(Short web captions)
[Start of section]
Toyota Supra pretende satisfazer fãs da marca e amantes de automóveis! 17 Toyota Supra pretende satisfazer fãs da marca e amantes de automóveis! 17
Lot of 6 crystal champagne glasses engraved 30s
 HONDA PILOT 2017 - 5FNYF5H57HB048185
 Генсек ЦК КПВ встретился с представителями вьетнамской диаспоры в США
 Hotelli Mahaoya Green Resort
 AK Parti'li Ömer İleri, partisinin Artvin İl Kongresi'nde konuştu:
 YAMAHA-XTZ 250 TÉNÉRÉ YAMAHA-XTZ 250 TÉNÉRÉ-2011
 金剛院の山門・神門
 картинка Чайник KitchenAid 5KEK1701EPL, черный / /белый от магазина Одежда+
[End of section]
Only the lines from the one with "Hotelli Mahaoya Green Resort" through the last line above should be restated, word for word.

 Hotelli Mahaoya Green Resort
 AK Parti'li Ömer İleri, partisinin Artvin İl Kongresi'nde konuştu:
 YAMAHA-XTZ 250 TÉNÉRÉ YAMAHA-XTZ 250 TÉNÉRÉ-2011
 金剛院の山門・神門
 картинка Чайник KitchenAid 5KEK1701EPL, черный / /белый от магазина Одежда+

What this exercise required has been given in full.